Here's picture of new Colnago EPS
http://www.cyclingnews.com/road/2008/tour08/tech/index.php?id=/photos/2008/tech/features/tour_newstuff_tdf08/zabel_colnago_1


----------



## Cyclingisalive (Jun 22, 2008)

I have not seen any prices - but looking at Dollar/Euro and the price increase expected in the industry I can only guess that "rich" in all aspects will help to get your hands on a 2009 Colnago.


----------



## chuckice (Aug 25, 2004)

Damn that new EP is sweet.


----------



## steel515 (Sep 6, 2004)

Any cx1 price or details?


----------



## zacolnago (Feb 15, 2006)

I see the 2009 range is finalized on the Colnago website. Looks like we have lost the Dream and Strada with the only Aluminum frames being Taiwanese. I do like Colours for the Master though, especially the retro blue and orange thats new for 2009.


----------



## fabsroman (Jul 14, 2006)

Yep, the Dream HX is no more and the Cristallo is no more. I had been thinking about getting a Dream HX in WXIN, but I guess that isn't going to happen anymore even if I wanted to get one from Maestro. I have 2 Artes and love them both, but the paint jobs on the 2009 models are horrible in my opinion.

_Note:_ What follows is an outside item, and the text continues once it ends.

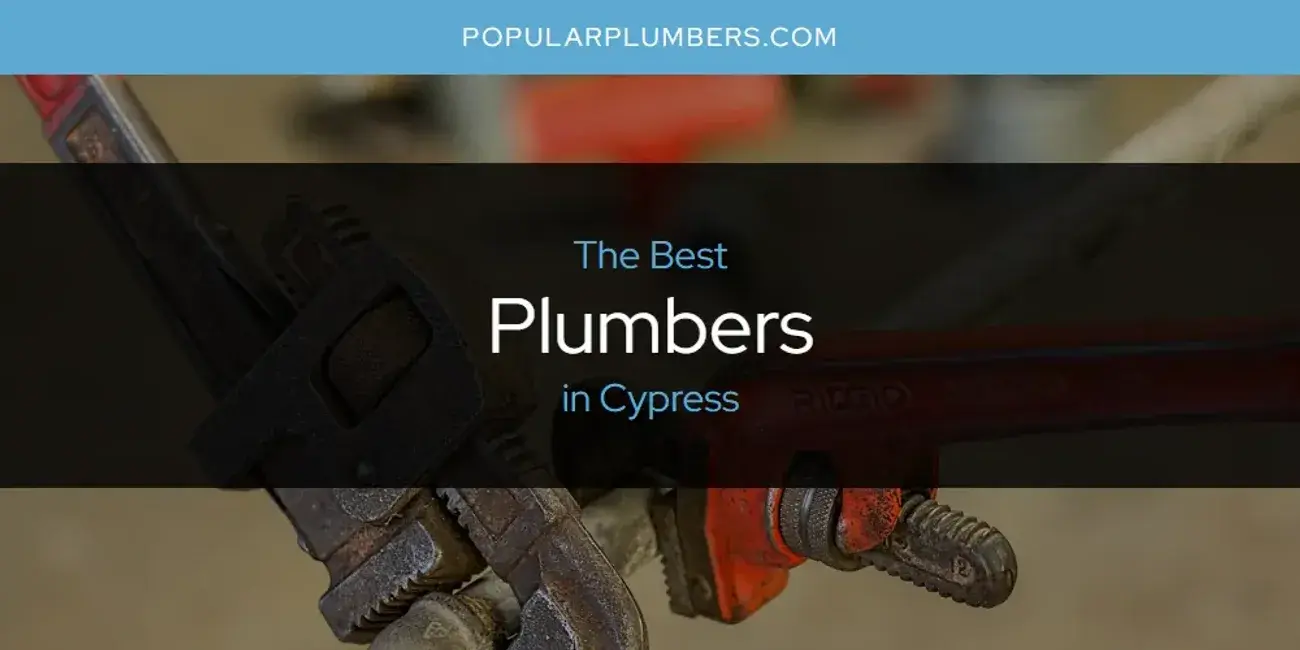 The Absolute Best Plumbers in Cypress  [Updated 2024]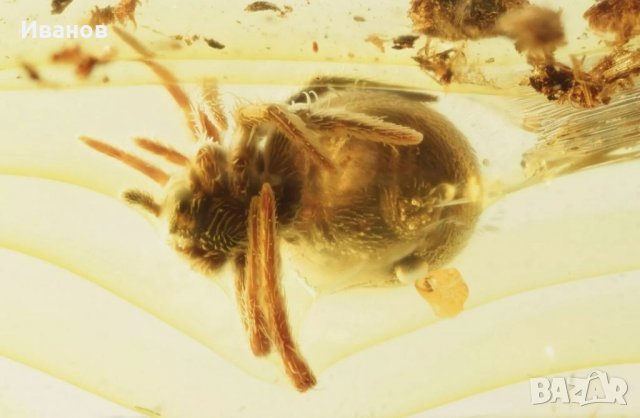 Уникален Балтийски кехлибар с фосил отлично съхранен паяк Araneae , снимка 2 - Други - 33608548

At least Colnago came out with a better TT frame than the old C50 Krono version. Can't wait to see how much that thing costs. LOL


----------



## eff_dee (Mar 25, 2008)

I wonder if the Flight TT frame is made in Italy? 

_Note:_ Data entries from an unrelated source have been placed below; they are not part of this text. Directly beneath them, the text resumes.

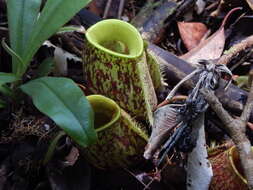 Image of Flask-Shaped Pitcher-Plant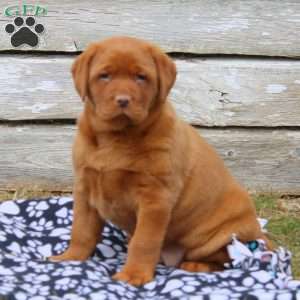 Anya, Fox Red Labrador Retriever Puppy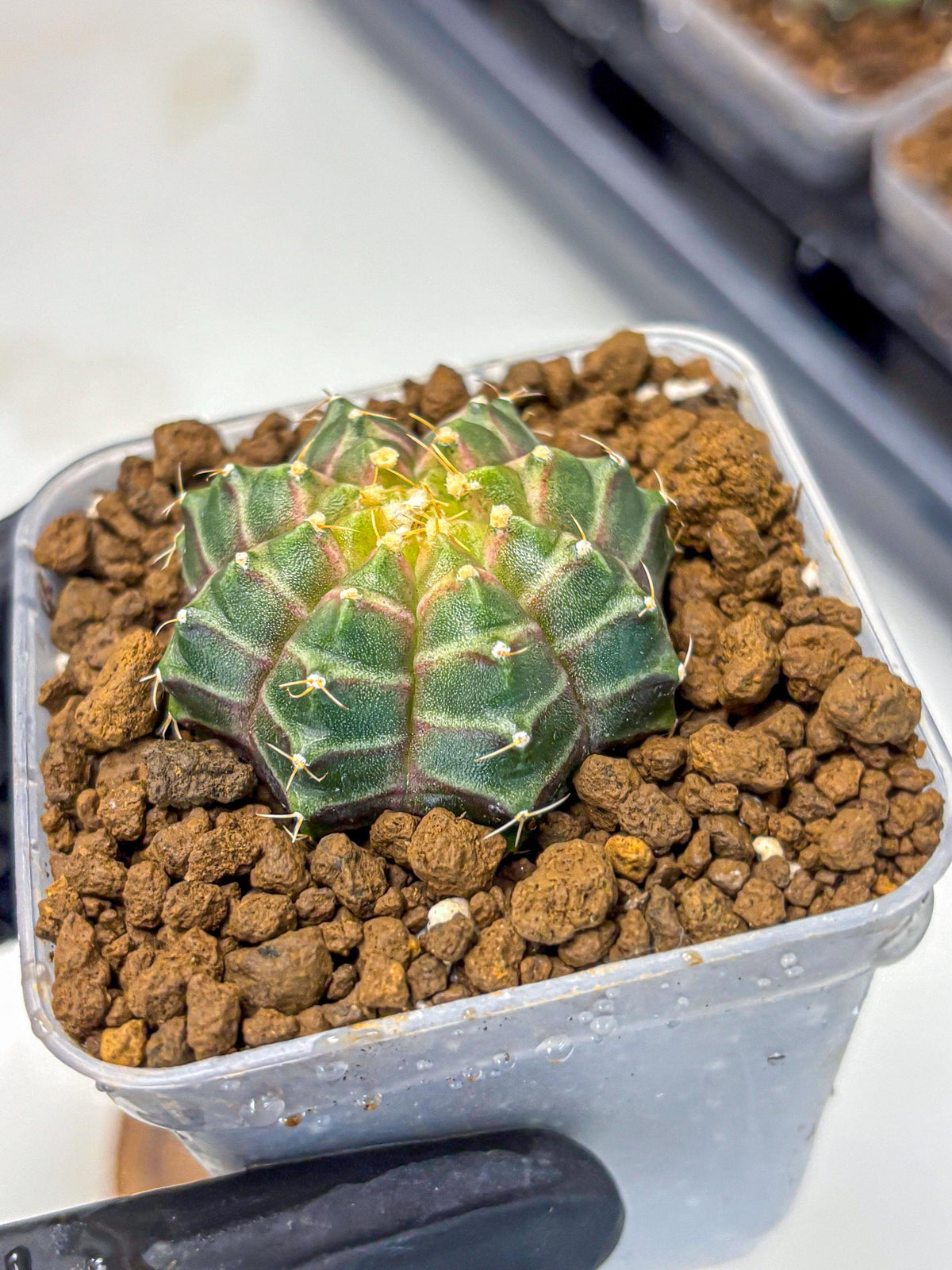 Gymnocalycium Neon (gy16) (9) | Variegated cactus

I'd guess overseas, by the same people who do the CX-1.


----------



## fabsroman (Jul 14, 2006)

I would guess the same thing. It seems as though any monocoque frame is too "hard/expensive" for Colnago to build in Italy and that stuff is out sourced instead.


----------



## KennyG (Mar 6, 2007)

zacolnago said:


> I see the 2009 range is finalized on the Colnago website. Looks like we have lost the Dream and Strada with the only Aluminum frames being Taiwanese. I do like Colours for the Master though, especially the retro blue and orange thats new for 2009.

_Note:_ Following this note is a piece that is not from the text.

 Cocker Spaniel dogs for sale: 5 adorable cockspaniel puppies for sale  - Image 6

All I can see on the Colnago website is pics of the EPS and CX-1. When I click on "English" on the home page, it opens up another window with pics of these two bikes but no other info or navigation. I wonder if the website is down...


----------



## JacksonDodge (Mar 26, 2006)

KennyG said:


> All I can see on the Colnago website is pics of the EPS and CX-1. When I click on "English" on the home page, it opens up another window with pics of these two bikes but no other info or navigation. I wonder if the website is down...




Right click and select "Show All" from the menu. Should resize the flash movie to fit your screen and show the navigation options. Took me a while to figure that out.


----------



## KennyG (Mar 6, 2007)

I agree that the colors for 2009 are less attractive than last year. It also appears that there have been no changes to the EC other than paint, and the EPS is going to be too pricey to justify getting over the EC (especially if made in Asia). Okay then, my search for a 54cm EC in ST01 begins!


----------



## fabsroman (Jul 14, 2006)

I'll be getting a C50 in ST01 and then calling it quits on new frames/bikes for a while.


----------



## KennyG (Mar 6, 2007)

I have seen several ST02s on eBay, but no ST01s.


----------



## fabsroman (Jul 14, 2006)

The ST01 in a C50 is a special order in the US. If you haven't ordered it already, chances are pretty slim on getting it. I just saw a ST02 C50 sell for $6,000 on ebay with Record components, some nice bars, a Fizik Arione saddle, and Mavic Ksyrium wheels. Sad thing was that it was my size. If it were in ST01 I would have bought it myself and sold the wheels.


----------



## Bocephus Jones II (Oct 7, 2004)

Taku said:


> Here's picture of new Colnago EPS
> http://www.cyclingnews.com/road/2008/tour08/tech/index.php?id=/photos/2008/tech/features/tour_newstuff_tdf08/zabel_colnago_1


I don't get the retro paintjobs on carbon bikes...just doesn't look right to me.


----------